The Council is writing to vulnerable tenants telling them that they will continue to get their hedges and lawns trimmed for at least another year.
Earlier in the week, officials had told tenants that they would lose the long standing service, with some being offered £200 compensation in lieu.
Now the housing director has apologised to those affected and confirmed that a more considered review of the service will take place over the next few months. Any changes will be delayed until 2021 at the earliest.
The new letter to tenants still has a patronising tone. It talks about helping the elderly to “enjoy” their gardens. “Volunteers” are still seen as the solution to most problems although many will feel that that particular resource is in danger of becoming overwhelmed.

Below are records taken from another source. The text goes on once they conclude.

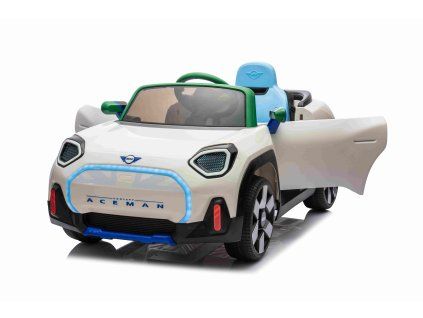 Elektrické autíčko Mini Concept Aceman bílé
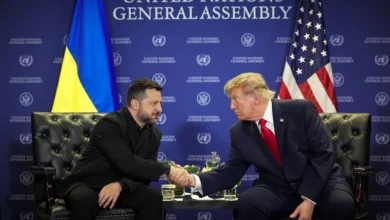 Володимир Зеленський і Дональд Трамп під час зустрічі в Нью-Йорку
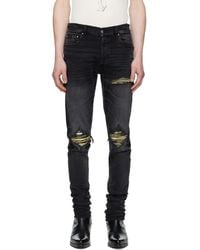 メンズ Amiri ブラック クリスタル デストロイ ジーンズ ブラック | Lyst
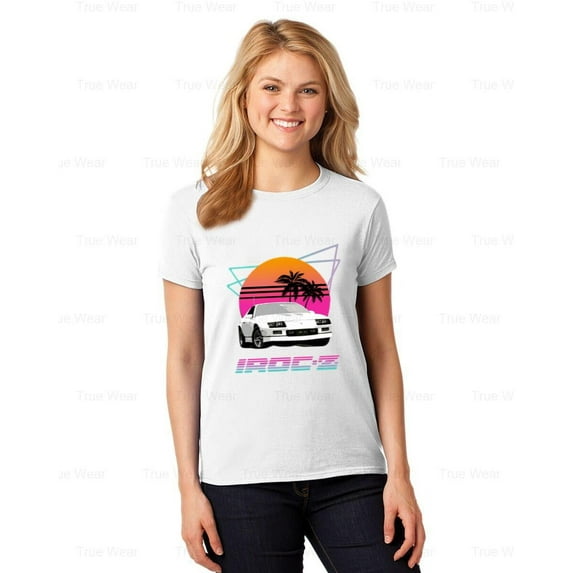 WéarCLOTHING 1980's Retro Wave Chevy Camaro IROC-Z T-Shirt Car, Automotive, Muscle Car, 80s, Retro , for Unisex, up to size 5XL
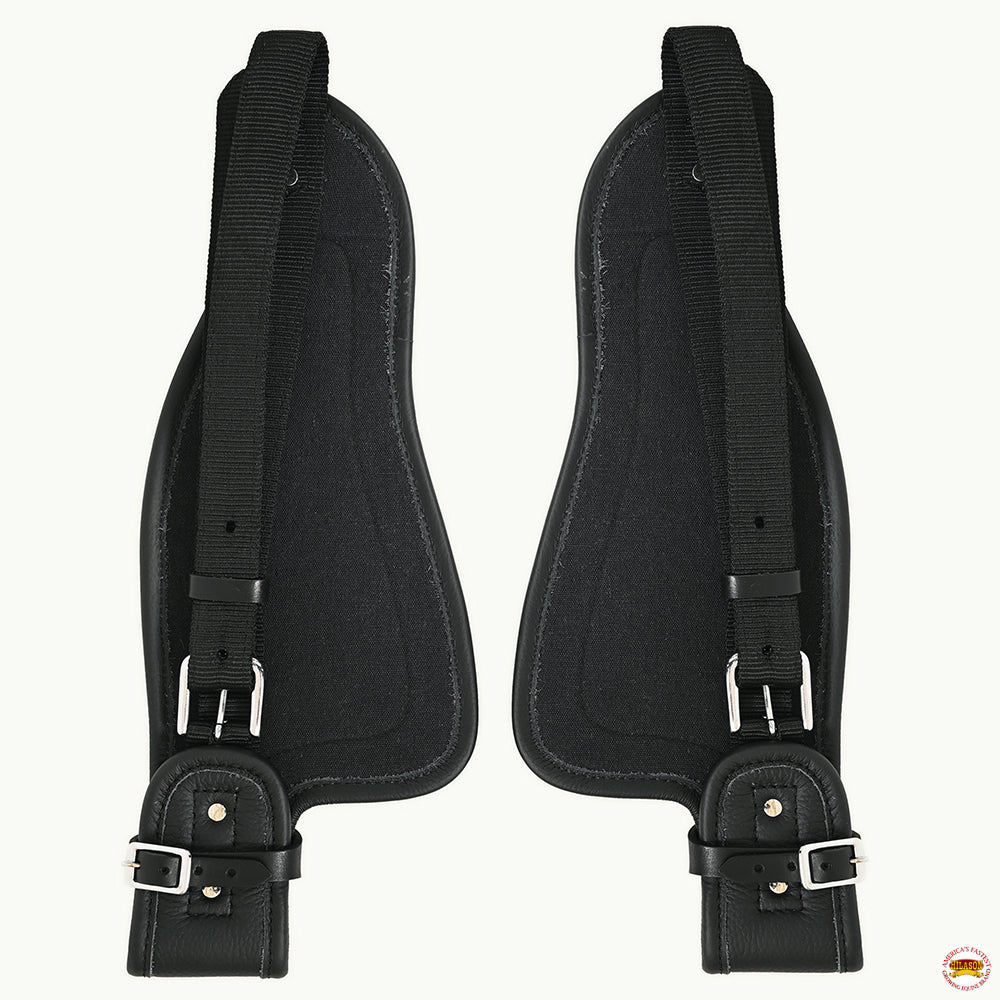 Hilason Replacement Leather Fenders Pair Horse Endurance Saddle Black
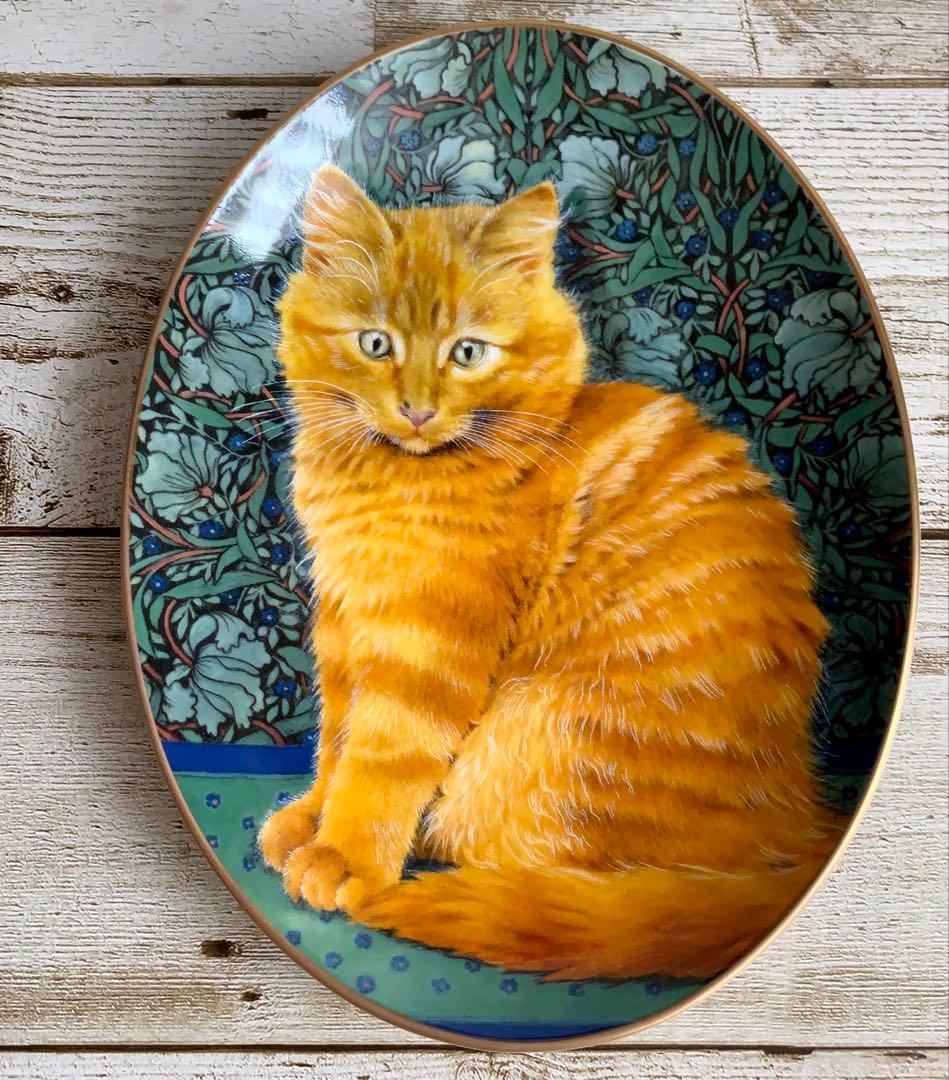 レズリーアンアイボリー 猫のプレート ダンデライオン ロイヤルウースター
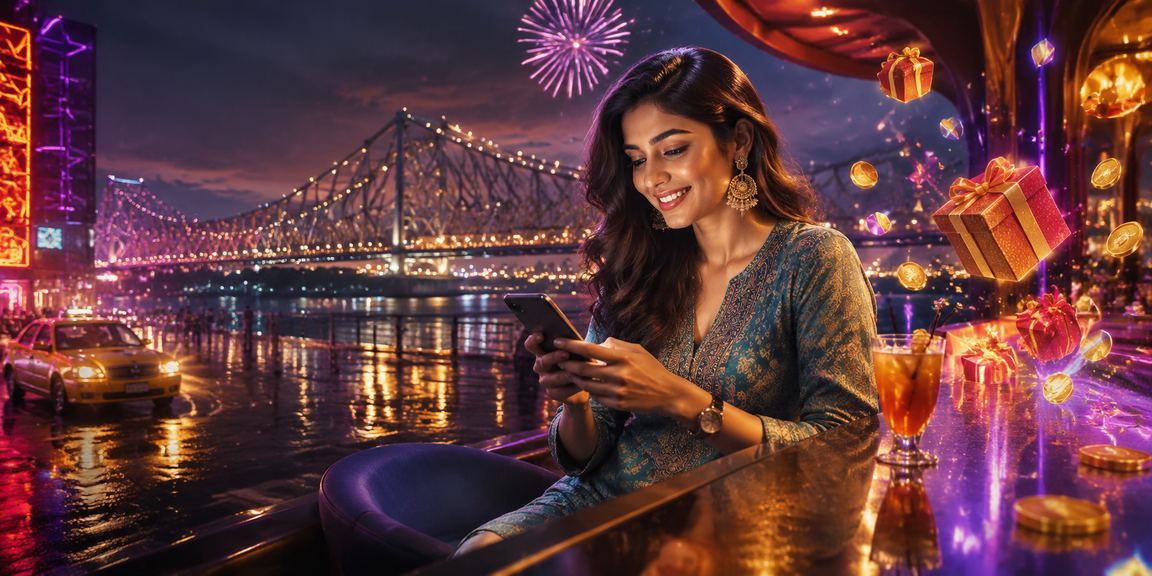 Mobile casino players enjoying games in Kolkata
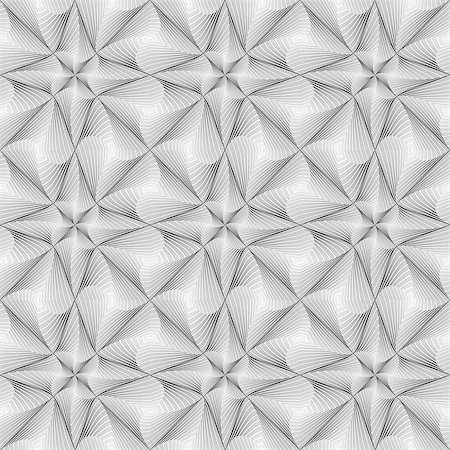 simsearch:400-08050050,k - Design seamless twirl movement striped geometric pattern. Abstract monochrome waving lines background. Vector art. No gradient Stockbilder - Microstock & Abonnement, Bildnummer: 400-07840291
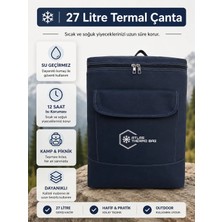 Wallery Bags 27 Litre Isı Yalıtımlı Sırt Çantası Piknik Kamp Plaj Termos Sıcak Soğuk Termal Çanta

The letter rather confirms our view that the housing department needs new leadership and with it a commitment to be more open and to consult properly before making decisions.
The key first step is for executive councillors to exert more control over the department and for communication channels with residents associations to be restored.
The garden service is funded from Council house rents. The rent account has a large surplus.
Following on from yesterday’s revelation that the Council is abandoning its garden care scheme for vulnerable tenants, a Councillor has claimed that contractors were charging “£80” to cut a lawn.
Apparently it was this that led to the announcement that the most disabled tenants would instead be offered £200 as compensation for the loss of the service.
Lawns are cut 10 times a year so how far the £200 will go remains to be seen. In addition hedges are normally trimmed on three occasions.
No financial figures have been released by the Council and no equalities impact assessment has been published
It appears that options like tendering for the service in smaller packages (to minimise unnecessary travel) have not been considered nor has the employment of Council staff to undertake the work. (there are numerous other jobs that such staff could usefully do in the winter period).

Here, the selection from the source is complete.